北海道の知床半島沖で観光船が沈没した事故では、杜撰(ずさん)な運航実態が次々と明らかになった。
波浪注意報が出される中、あり得ない「条件付き運航」を指示した運航会社の社長には操船実績がなく、船長も海洋での経験が浅かった。
事務所の無線用アンテナは破損しており衛星携帯電話は故障で修理中だった。事故時は船長が乗客の携帯電話を借りて救助を要請した。事故船舶は昨年、2度の事故を起こし国土交通省の行政指導を受けていた。
運航会社を責めるべきは当然だが、実態を見逃し、運航を許可してきた国交省などの無為無策ぶりにも怒りがある。

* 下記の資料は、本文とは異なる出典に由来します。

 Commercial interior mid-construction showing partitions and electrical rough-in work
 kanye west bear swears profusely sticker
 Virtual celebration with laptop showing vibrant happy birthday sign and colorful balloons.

斉藤鉄夫国交相は運航会社の社長を「当事者意識の欠如、責任感の欠如だと思う」と批判したが、同じ言葉は、国交省にも向けられるべきだろう。
事故船舶は事故の3日前、船舶安全法に基づく日本小型船舶検査機構の中間検査を受けていた。2日前には網走海上保安署の安全点検を受け、いずれも「問題なし」とされていた。一体、何のための検査だったのか、無能を疑われても仕方あるまい。
日本小型船舶検査機構は国に代わって検査を担う特別民間法人で、理事長は国交省OBの「天下り指定席」なのだという。事故を防げない検査は、その構造に問題があるのか、法体系に不備があるのか、原因を早急に突きとめ、改善しなければならない。

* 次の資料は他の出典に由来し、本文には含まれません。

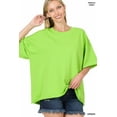 thumbnail image 2 of TheLovely Women & Plus Cotton French Terry Drop Shoulder Raw Edge Relaxed Casual Solid Tee Shirt Top, 2 of 4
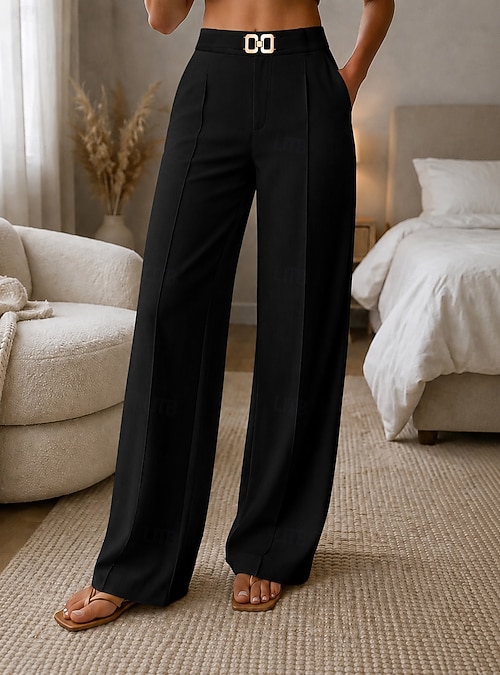 comfortable dress pants for women Olyvenn Womens Classic Pleated Pants, Casual Solid High Waisted Straight Business Casual Work Office with Pockets Beige 8 Our comfortable Ponte Roma fabric blend of 46% Rayon / 31% Polyester / 19% Organic Cotton / 4% Spandex is super soft and supportive Zylarhe Women's Pants Women Wide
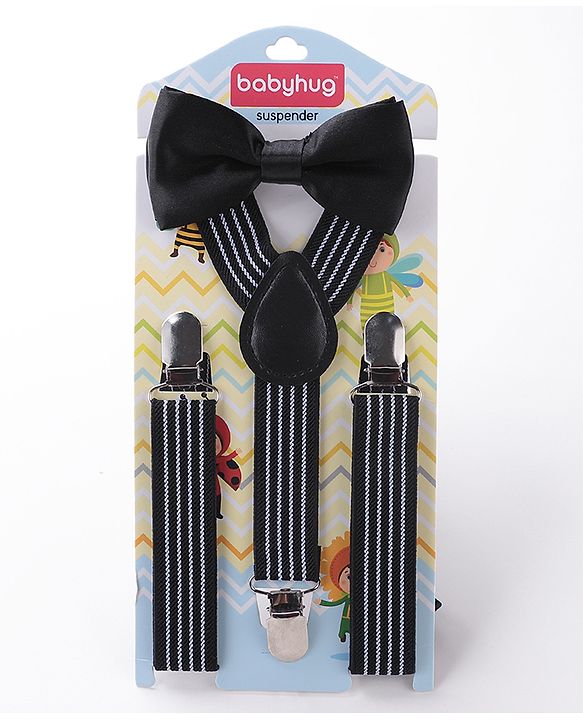 Babyhug Bow and Suspender Set Rainbow Stripes - Black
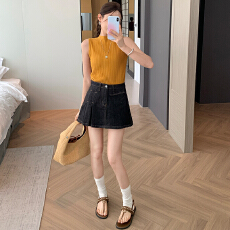 批发实拍~牛仔百褶裙女2026春夏新款韩版设计感弹力学院风A字短裙ins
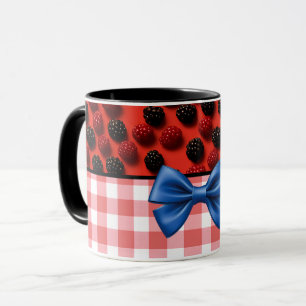 Taza Elegante Moda moderna a la moda en bayas negras a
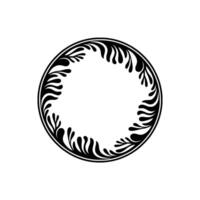 Decorative Circular Foliage Frame, Black and White, Minimalist. vector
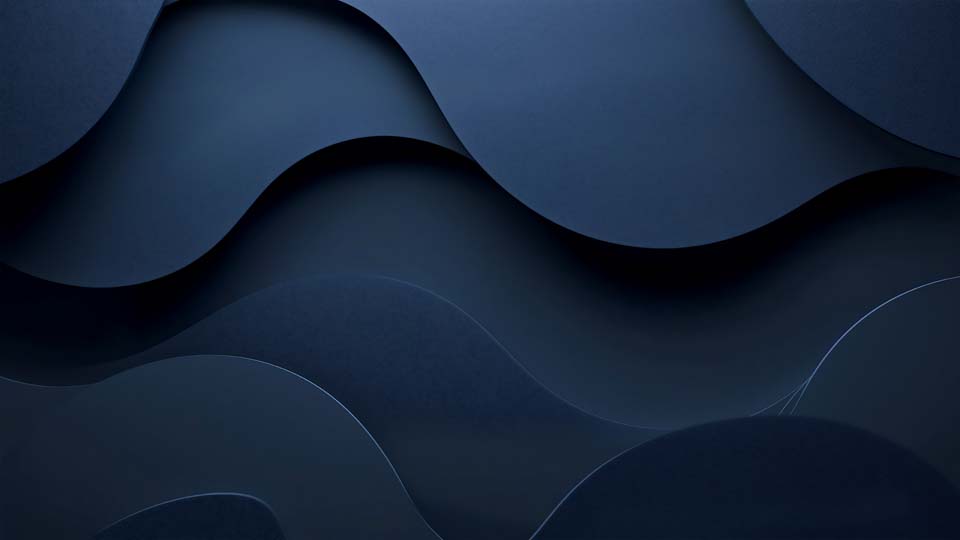 Dark blue background with waves of dark paper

国交省は11日、事故を受けて小型旅客船の安全対策や制度の見直しを議論する有識者検討委員会の初会合を開いた。運航事業者の参入審査のあり方や国の監査、検査の実効性を高める方策を議論し、海上運送法や船舶安全法の改正を視野に、7月中に中間とりまとめを公表するのだという。随分、悠長な話ではないか。
現地で事故対応中の渡辺猛之国交副大臣はオンラインで会合に参加し、「被害者家族から、事業者は安全を軽視していたのではないか、国の検査監督は適切だったのかとの指摘を受けている」と述べた。家族の指摘はもっともだが、国交省はまず、自身の無力に対する反省を述べるべきだった。
重大事故が起きなくては何も変わらない省庁の吞気(のんき)ぶりは、これまで何度もみてきた。それでも変わらないよりはいい。本気の取り組みをみせてほしい。